Urbanisme – Construction – Energie – Sécurité

Expropriation : mesures de réparation obligatoirement prévues dans la DUP en cas de graves déséquilibres aux exploitations agricoles

Lorsque les expropriations menées en vue de la réalisation de grands ouvrages publics sont susceptibles de compromettre la structure des exploitations agricoles, le maître d’ouvrage est tenu de remédier aux dommages causés en participant financièrement à l’exécution d’opérations d’aménagement foncier, à l’installation des agriculteurs dont l’exploitation aurait disparu ou serait gravement déséquilibrée sur des exploitations nouvelles comparables ou s’ils l’acceptent à leur reconversion (C. expr., art.
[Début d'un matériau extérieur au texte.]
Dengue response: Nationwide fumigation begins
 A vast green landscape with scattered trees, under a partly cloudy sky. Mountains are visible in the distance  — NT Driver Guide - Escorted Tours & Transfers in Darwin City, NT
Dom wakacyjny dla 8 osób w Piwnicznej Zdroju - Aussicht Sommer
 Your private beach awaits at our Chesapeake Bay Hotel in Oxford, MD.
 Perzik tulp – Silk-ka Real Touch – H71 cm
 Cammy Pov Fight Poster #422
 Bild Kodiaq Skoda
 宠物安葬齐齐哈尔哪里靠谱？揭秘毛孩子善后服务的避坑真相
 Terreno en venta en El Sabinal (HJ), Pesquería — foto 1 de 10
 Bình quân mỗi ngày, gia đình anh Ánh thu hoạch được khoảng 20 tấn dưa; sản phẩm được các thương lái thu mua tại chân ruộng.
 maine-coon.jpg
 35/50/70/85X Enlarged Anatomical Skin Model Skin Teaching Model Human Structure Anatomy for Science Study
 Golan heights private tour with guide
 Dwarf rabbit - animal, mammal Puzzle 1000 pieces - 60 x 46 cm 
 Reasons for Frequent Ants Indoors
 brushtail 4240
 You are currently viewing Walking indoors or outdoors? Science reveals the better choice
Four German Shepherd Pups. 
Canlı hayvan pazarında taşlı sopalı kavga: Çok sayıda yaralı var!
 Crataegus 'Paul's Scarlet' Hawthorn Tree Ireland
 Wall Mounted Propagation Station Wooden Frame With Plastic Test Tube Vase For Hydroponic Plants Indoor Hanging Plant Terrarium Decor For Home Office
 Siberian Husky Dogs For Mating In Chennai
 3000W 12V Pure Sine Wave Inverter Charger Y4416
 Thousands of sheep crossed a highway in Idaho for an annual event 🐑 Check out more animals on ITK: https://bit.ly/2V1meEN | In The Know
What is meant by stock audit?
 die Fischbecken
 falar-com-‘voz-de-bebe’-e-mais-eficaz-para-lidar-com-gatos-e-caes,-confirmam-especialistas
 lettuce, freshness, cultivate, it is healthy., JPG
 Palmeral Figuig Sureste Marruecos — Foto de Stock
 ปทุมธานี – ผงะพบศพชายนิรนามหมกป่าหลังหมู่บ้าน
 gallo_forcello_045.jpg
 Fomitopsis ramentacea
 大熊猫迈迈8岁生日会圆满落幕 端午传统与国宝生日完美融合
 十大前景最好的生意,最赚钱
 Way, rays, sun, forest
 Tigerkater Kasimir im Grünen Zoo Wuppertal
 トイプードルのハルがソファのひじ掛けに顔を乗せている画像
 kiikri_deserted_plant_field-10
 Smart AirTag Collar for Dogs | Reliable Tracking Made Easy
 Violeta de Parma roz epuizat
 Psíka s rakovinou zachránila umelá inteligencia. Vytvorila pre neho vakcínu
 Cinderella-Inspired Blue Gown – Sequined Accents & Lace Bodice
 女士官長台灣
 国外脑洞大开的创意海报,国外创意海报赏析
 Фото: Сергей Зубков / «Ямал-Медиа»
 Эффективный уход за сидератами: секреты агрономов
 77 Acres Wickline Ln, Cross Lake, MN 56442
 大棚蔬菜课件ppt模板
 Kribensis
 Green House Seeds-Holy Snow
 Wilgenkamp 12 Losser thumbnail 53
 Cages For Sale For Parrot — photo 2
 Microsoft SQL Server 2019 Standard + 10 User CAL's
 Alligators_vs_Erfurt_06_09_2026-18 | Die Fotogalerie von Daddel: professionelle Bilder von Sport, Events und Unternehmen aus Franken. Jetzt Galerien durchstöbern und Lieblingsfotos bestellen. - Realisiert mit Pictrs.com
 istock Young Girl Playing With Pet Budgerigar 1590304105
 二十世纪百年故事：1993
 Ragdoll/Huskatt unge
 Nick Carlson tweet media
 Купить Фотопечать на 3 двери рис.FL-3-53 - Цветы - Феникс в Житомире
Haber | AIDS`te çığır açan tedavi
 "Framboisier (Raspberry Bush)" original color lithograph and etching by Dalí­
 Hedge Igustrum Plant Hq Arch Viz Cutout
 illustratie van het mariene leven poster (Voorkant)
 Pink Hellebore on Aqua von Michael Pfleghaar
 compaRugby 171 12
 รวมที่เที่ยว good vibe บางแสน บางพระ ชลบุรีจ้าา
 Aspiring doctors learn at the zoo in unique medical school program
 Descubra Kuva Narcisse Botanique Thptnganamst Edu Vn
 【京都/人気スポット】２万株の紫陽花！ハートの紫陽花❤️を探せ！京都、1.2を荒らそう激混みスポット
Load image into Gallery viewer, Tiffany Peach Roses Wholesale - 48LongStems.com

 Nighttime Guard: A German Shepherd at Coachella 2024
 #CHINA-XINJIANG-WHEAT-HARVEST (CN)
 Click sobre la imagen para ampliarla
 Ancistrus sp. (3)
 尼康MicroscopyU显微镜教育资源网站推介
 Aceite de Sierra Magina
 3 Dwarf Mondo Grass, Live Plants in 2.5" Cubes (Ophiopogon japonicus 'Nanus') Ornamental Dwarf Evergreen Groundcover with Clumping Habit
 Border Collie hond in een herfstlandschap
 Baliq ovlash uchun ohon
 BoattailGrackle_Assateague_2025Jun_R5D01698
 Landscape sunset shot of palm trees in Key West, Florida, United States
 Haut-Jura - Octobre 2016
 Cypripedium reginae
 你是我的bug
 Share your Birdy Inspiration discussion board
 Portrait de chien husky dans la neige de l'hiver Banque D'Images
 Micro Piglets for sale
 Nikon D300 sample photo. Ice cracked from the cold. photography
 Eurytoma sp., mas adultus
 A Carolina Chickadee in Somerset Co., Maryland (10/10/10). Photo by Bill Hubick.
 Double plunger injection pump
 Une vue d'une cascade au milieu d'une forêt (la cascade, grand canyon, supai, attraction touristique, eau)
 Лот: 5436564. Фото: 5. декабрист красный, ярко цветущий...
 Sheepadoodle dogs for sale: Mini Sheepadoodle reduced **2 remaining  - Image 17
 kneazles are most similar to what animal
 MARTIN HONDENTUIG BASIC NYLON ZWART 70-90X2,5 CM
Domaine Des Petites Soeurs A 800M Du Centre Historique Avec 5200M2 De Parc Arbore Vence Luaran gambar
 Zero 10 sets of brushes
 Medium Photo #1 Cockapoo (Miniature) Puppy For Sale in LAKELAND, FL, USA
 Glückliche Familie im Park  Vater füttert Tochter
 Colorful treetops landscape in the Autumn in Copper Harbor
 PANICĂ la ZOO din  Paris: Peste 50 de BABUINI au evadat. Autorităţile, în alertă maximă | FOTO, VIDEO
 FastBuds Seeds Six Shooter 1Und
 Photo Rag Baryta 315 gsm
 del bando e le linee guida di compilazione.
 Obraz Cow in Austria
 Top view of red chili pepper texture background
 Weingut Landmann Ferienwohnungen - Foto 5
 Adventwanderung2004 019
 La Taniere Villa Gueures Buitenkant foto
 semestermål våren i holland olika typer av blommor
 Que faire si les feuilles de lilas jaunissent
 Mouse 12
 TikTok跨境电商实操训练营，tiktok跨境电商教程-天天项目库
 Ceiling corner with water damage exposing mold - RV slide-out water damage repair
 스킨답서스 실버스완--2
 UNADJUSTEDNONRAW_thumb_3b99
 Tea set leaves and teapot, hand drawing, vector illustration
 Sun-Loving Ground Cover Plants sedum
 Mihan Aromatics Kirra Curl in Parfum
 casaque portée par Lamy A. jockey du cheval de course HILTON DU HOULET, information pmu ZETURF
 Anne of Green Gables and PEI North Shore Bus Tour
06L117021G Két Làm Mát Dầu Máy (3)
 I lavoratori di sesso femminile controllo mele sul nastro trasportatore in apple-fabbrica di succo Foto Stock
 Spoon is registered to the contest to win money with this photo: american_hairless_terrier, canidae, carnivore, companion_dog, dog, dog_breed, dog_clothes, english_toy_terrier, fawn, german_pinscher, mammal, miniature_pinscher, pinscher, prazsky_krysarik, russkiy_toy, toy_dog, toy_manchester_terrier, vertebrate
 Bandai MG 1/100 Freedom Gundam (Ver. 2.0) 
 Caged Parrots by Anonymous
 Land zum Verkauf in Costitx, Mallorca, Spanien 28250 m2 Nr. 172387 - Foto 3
L. 122-3C. rur., art. L. 123-24 et L. 352-1).


Cette obligation faite au maître de l’ouvrage doit figurer dans la DUP (C. rur., art. L. 352-1) qui peut comporter des prescriptions particulières destinées notamment à réduire ou à compenser les conséquences dommageables de ces aménagements ou ouvrages pour l’environnement (C. expr., art. L. 122-2).

L’absence de cette mention dans la DUP constitue un vice de forme substantiel entraînant son annulation (CE, 25 janv. 1993, n° 95469) (CAA Nancy, 1re ch., 28 mars 2019, n° 18NC00844).

Les grands ouvrages publics visés sont ceux soumis à étude d’impact en application de l’article L. 122-1 du code de l’environnement, la création de zones industrielles et la constitution de réserves foncières. L’article L. 23-1 de l’ancien code de l’expropriation (devenu l’article L. 122-3 du code de l’expropriation) est donc applicable aux expropriations destinées à constituer des réserves foncières (CE, 14 janv. 1994, n° 94666) ou une ZAC (CE, 25 janv. 1993, n° 95469).
En revanche, la création d’une zone conchylicole n’entre dans pas son champ d’application (CE, 25 sept. 1987, n° 63356).